What is the most efficient way to make a matrix of lagged variables in R for an arbitrary variable (i.e. not a regular time series)
For example:
The method that works best for me
is to use the lag
function from the dplyr
package.
Example:
> require(dplyr)
> lag(1:10, 1)
[1] NA 1 2 3 4 5 6 7 8 9
> lag(1:10, 2)
[1] NA NA 1 2 3 4 5 6 7 8
The running
function in the gtools
package does more or less what you want:
> require("gtools")
> running(1:4, fun=I, width=3, allow.fewer=TRUE)
$`1:1`
[1] 1
$`1:2`
[1] 1 2
$`1:3`
[1] 1 2 3
$`2:4`
[1] 2 3 4
Use a proper class
for your objects; base R has ts
which has a lag()
function to operate on. Note that these ts
objects came from a time when 'delta' or 'frequency' where constant: monthly or quarterly data as in macroeconomic series.
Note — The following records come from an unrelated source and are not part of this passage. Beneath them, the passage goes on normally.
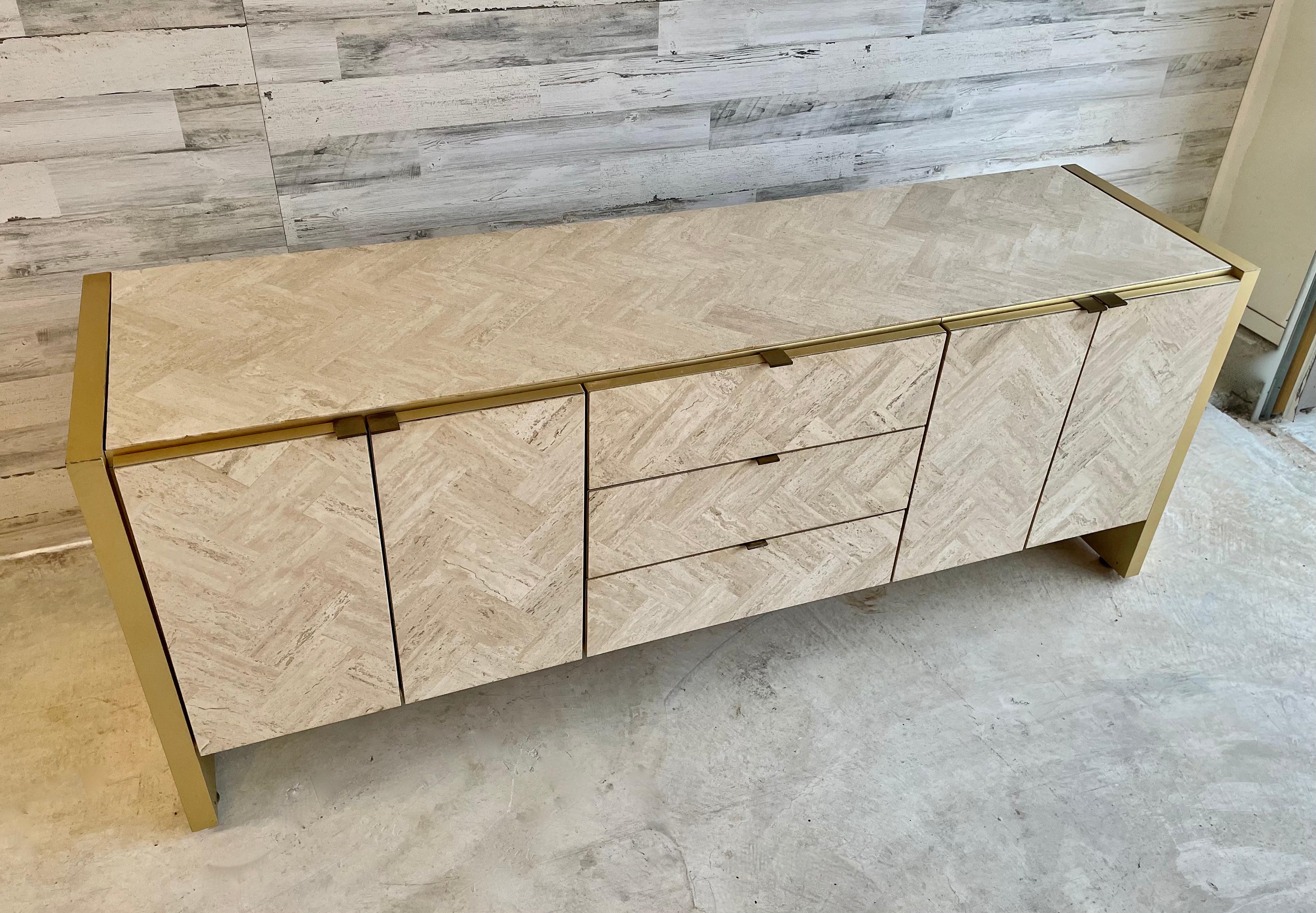 Ello Travertine and Brushed Brass Credenza 7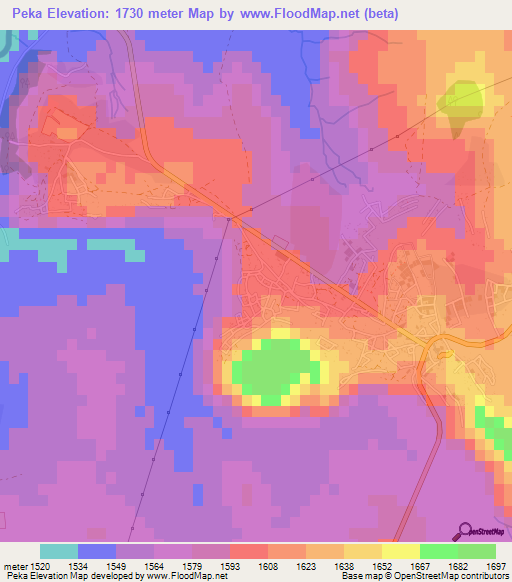 Peka,Lesotho Elevation Map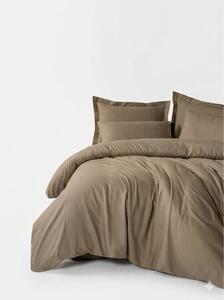 Кафяво двойно удължено спално бельо от памук Renforcé 240x220 cm Checkered – Mila Home Luxury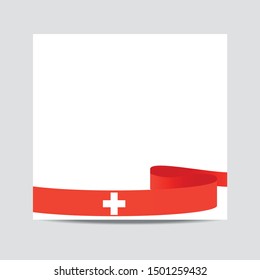 SWISS   flag. SWISS   patriotic banner with space for text. Happy Independent Day. Template of greeting card, 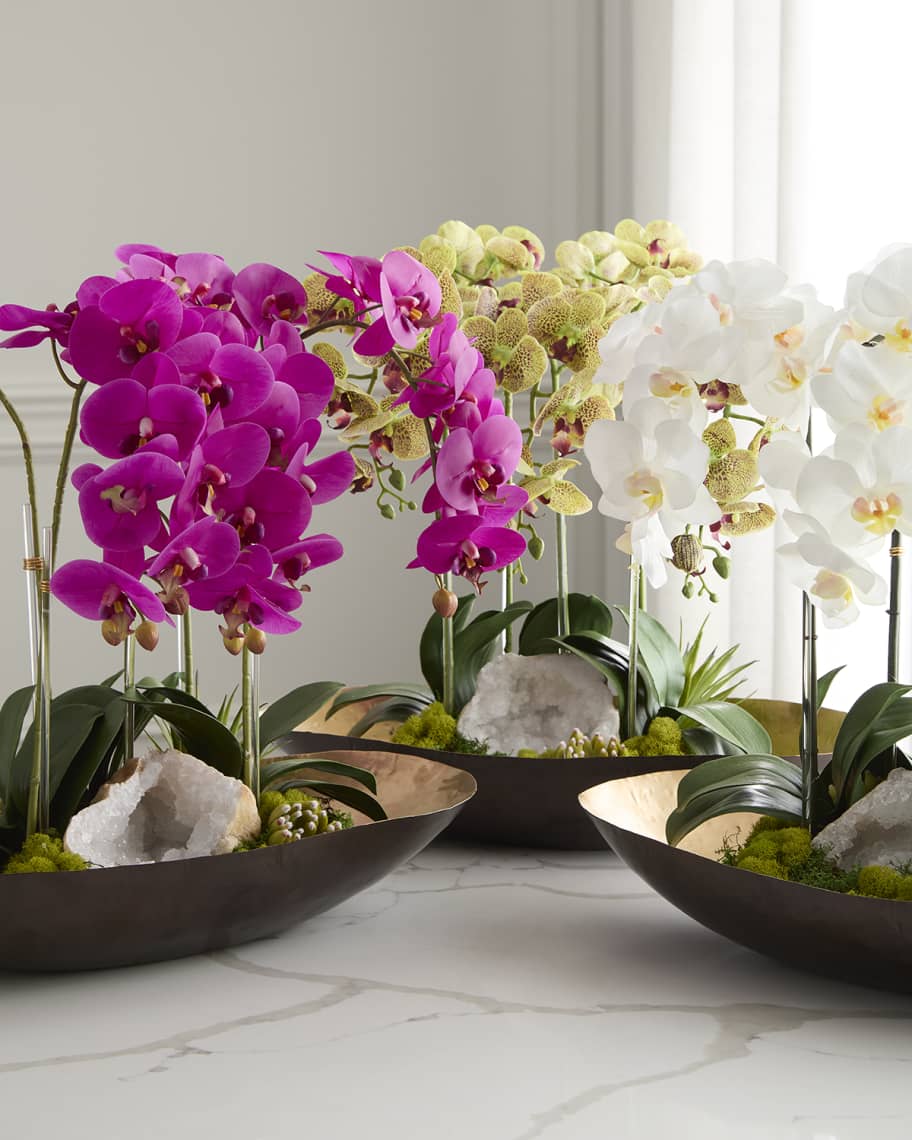 Image 1 of 5: Orchids with Quartz 24" Faux Floral Arrangement in Metal Bowl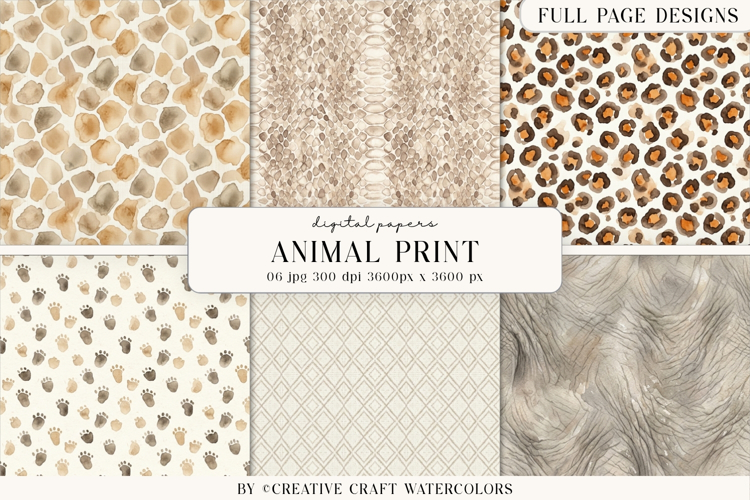 Animal Print Watercolor Digital Papers Backgrounds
For irregular data such as (business-)daily, use the zoo or xts packages which can also deal (very well!) with lags. To go further from there, you can use packages like dynlm or dlm allow for dynamic regression models with lags.
The Task Views on Time Series, Econometrics, Finance all have further pointers.
You can achieve this using the built-in embed()
function, where its second 'dimension' argument is equivalent to what you've called 'lag':
x <- c(NA,NA,1,2,3,4)
embed(x,3)
## returns
[,1] [,2] [,3]
[1,] 1 NA NA
[2,] 2 1 NA
[3,] 3 2 1
[4,] 4 3 2
embed()
was discussed in a previous answer by Joshua Reich. (Note that I prepended x with NAs to replicate your desired output).
It's not particularly well-named but it is quite useful and powerful for operations involving sliding windows, such as rolling sums and moving averages.